### The problem
Every line below between the one holding "partially torn retina" and the one holding "File:Cerebellar metastases - colorectal", inclusive, should be copied exactly, and no other line.

(Scraped caption text data)
========================================================================
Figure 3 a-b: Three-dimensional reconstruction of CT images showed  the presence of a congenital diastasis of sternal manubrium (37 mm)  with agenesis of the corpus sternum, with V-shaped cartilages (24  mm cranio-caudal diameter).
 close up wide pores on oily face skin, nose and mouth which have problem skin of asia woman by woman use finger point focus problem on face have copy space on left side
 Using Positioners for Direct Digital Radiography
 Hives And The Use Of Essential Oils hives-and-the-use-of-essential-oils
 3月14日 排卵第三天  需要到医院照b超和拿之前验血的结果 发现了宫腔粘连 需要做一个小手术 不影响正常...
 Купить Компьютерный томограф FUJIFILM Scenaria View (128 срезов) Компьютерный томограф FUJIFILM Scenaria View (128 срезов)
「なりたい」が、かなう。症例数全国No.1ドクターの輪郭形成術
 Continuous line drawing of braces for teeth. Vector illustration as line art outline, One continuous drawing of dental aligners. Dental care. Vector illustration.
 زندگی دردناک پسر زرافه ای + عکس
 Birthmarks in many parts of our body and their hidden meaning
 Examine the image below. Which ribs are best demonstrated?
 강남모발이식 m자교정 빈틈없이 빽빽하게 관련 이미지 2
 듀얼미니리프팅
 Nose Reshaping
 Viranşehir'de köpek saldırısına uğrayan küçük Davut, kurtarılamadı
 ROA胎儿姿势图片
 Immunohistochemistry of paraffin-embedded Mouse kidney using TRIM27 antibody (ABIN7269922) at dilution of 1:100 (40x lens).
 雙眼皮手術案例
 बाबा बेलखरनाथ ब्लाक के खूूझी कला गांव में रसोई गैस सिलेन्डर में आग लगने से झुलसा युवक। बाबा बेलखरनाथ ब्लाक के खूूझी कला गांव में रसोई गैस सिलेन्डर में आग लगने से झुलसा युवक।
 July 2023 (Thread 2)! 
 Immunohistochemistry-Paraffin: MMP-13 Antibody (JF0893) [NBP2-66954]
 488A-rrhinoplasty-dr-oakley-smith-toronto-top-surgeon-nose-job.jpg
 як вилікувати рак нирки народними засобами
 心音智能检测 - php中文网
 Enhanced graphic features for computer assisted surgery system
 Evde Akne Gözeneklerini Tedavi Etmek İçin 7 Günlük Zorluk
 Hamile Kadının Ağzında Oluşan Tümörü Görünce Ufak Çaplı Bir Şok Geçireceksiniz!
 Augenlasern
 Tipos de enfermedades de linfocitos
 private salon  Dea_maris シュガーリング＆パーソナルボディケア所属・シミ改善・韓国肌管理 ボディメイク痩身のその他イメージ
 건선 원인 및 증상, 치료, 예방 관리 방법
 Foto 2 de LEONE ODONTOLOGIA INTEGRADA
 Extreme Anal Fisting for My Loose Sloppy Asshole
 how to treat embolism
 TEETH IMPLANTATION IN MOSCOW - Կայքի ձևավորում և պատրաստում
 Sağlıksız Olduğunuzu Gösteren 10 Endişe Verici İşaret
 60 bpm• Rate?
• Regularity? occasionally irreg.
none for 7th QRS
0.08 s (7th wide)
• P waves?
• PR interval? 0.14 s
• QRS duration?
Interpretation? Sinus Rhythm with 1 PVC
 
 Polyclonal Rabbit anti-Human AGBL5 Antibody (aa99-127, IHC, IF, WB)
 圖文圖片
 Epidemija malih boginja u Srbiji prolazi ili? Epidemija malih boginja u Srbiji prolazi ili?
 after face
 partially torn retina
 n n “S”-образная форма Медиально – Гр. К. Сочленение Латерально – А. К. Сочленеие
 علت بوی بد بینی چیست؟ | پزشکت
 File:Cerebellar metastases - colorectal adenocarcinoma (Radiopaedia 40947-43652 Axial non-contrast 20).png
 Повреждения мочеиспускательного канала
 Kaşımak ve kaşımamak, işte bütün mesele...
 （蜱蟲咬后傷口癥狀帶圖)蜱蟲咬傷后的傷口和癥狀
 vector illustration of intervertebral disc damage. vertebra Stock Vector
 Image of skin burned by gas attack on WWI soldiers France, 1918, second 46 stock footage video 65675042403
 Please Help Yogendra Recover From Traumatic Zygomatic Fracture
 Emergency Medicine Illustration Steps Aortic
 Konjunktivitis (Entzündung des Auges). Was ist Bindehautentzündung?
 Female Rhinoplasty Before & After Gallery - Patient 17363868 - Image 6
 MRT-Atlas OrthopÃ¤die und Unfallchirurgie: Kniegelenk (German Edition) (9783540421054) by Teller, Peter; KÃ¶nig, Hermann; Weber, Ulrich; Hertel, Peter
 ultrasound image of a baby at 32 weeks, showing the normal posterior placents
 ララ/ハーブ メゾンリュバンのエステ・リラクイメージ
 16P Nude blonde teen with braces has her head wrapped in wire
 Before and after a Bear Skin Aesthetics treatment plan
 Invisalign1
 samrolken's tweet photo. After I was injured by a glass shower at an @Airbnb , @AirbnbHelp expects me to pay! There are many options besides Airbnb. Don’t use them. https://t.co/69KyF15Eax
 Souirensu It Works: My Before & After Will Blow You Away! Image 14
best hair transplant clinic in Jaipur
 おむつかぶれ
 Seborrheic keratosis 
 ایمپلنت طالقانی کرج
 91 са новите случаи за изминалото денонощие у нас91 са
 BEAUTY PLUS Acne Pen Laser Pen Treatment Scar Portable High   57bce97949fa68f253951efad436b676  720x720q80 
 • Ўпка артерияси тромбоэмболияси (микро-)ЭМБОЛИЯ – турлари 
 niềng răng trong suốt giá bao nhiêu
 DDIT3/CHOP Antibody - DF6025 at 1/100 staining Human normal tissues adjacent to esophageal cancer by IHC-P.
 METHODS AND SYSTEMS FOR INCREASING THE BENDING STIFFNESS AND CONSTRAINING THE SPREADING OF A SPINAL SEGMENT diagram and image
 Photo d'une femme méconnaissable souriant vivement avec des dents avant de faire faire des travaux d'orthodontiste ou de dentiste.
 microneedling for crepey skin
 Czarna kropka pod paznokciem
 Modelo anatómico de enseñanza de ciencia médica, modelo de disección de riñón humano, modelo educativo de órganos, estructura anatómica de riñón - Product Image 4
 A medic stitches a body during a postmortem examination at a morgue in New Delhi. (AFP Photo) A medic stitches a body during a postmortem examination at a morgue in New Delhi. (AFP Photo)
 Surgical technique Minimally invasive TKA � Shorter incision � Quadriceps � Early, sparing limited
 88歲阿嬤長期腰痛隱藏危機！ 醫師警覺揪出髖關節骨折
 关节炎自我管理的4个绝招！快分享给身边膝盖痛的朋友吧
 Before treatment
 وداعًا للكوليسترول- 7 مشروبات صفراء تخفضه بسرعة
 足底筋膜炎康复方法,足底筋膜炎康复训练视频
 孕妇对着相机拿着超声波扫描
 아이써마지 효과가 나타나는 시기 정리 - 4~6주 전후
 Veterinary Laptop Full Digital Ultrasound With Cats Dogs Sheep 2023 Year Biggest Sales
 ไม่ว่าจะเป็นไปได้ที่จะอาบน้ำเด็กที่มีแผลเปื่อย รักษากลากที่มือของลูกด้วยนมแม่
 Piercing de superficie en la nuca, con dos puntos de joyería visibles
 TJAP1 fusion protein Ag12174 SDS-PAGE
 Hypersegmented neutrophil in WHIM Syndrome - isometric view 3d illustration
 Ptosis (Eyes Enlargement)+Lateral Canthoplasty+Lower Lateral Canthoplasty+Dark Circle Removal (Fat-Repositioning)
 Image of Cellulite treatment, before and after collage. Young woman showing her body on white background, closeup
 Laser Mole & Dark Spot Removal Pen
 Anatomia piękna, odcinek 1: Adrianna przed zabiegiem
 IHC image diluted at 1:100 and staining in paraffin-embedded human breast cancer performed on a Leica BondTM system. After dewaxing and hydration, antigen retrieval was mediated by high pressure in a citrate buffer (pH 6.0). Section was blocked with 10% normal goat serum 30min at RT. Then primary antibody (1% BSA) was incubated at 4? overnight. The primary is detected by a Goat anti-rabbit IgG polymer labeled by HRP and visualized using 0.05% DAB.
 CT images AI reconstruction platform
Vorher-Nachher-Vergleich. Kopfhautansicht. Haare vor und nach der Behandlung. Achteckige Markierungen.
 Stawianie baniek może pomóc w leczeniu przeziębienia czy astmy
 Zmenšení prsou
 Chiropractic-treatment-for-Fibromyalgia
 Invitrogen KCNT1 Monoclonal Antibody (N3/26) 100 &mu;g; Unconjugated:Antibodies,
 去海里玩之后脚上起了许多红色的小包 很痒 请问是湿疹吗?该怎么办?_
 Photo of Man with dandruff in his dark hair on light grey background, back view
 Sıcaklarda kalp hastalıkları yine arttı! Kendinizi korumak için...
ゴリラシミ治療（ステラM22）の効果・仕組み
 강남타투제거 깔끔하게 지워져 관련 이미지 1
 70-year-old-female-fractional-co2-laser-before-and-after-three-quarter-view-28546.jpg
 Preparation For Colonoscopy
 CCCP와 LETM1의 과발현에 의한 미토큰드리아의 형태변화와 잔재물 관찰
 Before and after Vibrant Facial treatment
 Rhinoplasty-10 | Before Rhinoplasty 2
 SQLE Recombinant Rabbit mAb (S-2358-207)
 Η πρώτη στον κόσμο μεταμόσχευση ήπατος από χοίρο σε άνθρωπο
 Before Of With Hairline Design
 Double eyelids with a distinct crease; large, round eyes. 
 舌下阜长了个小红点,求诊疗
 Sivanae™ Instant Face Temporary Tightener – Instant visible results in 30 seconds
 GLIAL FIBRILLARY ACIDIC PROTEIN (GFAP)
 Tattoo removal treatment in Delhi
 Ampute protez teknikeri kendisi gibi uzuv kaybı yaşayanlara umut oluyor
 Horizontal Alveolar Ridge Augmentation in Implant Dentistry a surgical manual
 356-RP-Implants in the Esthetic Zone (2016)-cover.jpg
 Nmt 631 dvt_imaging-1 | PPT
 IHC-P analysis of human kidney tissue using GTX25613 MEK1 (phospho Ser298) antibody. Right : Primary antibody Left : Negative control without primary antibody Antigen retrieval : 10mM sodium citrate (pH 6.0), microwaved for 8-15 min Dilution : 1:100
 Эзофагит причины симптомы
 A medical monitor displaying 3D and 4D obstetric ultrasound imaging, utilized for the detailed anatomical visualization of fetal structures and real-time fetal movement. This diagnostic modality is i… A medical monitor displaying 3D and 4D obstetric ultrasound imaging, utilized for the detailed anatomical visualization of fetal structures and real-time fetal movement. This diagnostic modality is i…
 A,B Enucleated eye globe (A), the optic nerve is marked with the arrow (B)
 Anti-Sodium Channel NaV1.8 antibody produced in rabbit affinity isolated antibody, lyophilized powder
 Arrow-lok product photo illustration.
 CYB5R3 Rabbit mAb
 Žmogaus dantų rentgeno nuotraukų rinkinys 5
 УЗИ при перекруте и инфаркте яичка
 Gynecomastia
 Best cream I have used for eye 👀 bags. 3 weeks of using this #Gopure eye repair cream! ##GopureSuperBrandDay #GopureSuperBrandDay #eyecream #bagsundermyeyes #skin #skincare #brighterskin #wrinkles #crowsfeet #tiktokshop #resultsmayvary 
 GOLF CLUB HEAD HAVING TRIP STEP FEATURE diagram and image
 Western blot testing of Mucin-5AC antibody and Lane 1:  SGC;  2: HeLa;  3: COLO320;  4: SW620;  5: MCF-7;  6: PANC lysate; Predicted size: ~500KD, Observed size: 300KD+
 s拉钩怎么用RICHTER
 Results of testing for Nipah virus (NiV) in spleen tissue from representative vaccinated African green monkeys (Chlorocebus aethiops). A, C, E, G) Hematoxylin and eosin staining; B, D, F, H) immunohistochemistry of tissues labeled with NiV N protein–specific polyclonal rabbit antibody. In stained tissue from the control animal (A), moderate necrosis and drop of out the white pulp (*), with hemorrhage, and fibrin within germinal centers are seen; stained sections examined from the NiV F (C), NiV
========================================================================
### Completed task
 partially torn retina
 n n “S”-образная форма Медиально – Гр. К. Сочленение Латерально – А. К. Сочленеие
 علت بوی بد بینی چیست؟ | پزشکت
 File:Cerebellar metastases - colorectal adenocarcinoma (Radiopaedia 40947-43652 Axial non-contrast 20).png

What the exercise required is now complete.